■ Brief: Once the line containing "15466 North Bluff Road #506" is found in the entries below, reproduce it and every line after it, stopping at and including the line containing "ベルギーショルダー】ISAMU KATAYAMA BACKLASH【製品染め 襟付き"; reproduce nothing else, and keep each line exact.

(Supplied records)

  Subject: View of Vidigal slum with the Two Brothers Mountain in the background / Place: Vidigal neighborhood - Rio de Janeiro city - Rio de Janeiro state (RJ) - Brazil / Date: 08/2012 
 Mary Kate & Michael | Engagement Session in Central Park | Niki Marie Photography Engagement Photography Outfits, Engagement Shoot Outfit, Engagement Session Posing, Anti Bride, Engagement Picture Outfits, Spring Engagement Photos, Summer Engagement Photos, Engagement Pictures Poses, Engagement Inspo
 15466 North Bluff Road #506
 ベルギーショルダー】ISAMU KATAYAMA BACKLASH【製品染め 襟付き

(End Supplied records)
(Supplied records)

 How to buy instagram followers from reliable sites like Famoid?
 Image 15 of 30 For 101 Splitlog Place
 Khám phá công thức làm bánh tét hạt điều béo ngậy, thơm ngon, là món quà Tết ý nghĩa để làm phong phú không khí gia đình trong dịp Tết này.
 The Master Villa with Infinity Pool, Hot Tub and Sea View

(End Supplied records)

■ Output of the exercise:
 15466 North Bluff Road #506
 ベルギーショルダー】ISAMU KATAYAMA BACKLASH【製品染め 襟付き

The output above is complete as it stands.